According to the company, current AI accelerators, whether CPUs or GPUs, are designed to work with different AI architectures. These differing frameworks and designs mean hardware must be able to support various models, like convolution neural networks, long short-term memory networks, state space models, and so on. Because these models are tuned to different architectures, most current AI chips allocate a large portion of their computing power to programmability.
Most Large Language Models (LLMs) use matrix multiplication for the majority of their compute tasks and Etched estimated that Nvidia’s H100 GPUs only use 3.3% percent of their transistors for this key task. This means that the remaining 96.7% silicon is used for other tasks, which are still essential for general-purpose AI chips.
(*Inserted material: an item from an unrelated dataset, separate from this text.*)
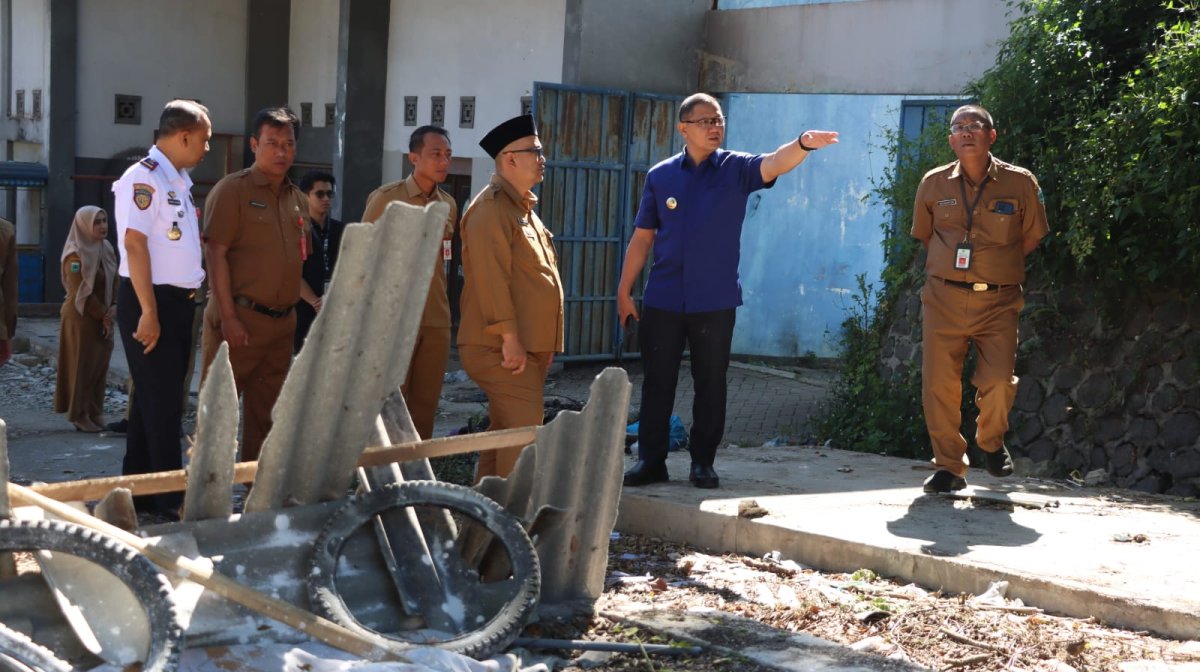 Pj. Wali Kota Batu Aries Tinjau Pembersihan Bekas Area Pasar Relokasi Stadion Gelora Brantas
However, the transformer AI architecture has become very popular as of late. For example, ChatGPT, arguably the most popular LLM today, is based on a transformer model. In fact, it’s in the name – Chat Generative Pre-trained Transformer (GPT). Other competing models like Sora, Gemini, Stable Diffusion, and DALL-E are all also based on transformer models.
Etched made a huge bet on transformers a couple of years ago when it started the Sohu project. This chip bakes in the transformer architecture into the hardware, thus allowing it to allocate more transistors to AI compute. We can liken this with processors and graphics cards — let’s say current AI chips are CPUs, which can do many different things, and then the transformer model is like the graphics demands of a game title. Sure, the CPU can still process these graphics demands, but it won’t do it as fast or as efficiently as a GPU. A GPU that’s specialised in processing visuals will make graphics rendering faster and more efficient, that’s because its hardware is specifically designed for that.
This is what Etched did with Sohu. Instead of making a chip that can accommodate every single AI architecture, it built one that only works with transformer models. When it started the project in 2022, ChatGPT didn’t even exist. But then it exploded in popularity in 2023, and the company’s gamble now looks like it is about to pay off — big time.
Nvidia is currently one of the most valuable companies in the world, posting record revenues ever since the demand for AI GPUs surged. It even shipped 3.76M data center GPUs in 2023, and this is trending to grow more this year. But Sohu’s launch could threaten Nvidia’s leadership in the AI space, if they can scale fast enough, especially if companies that exclusively use transformer models move to Sohu. After all, efficiency is the key to winning the AI race, and anyone who can run these models on the fastest, most affordable hardware will take the lead.
Ever since AI data centers started popping up left and right, many experts have raised their concerns over the power consumption crisis this power-hungry infrastructure will lead us to. Meta founder Mark Zuckerberg says electricity supply will constrain AI growth, and even the US government has stepped in to discuss AI power demands. All the GPUs sold last year consume more power than 1.3 million homes, but if Etched’s approach to AI computing with Sohu takes off, we can perhaps reduce AI power demands to more manageable levels, allowing the electricity grid to catch up as our computing needs grow more sustainably.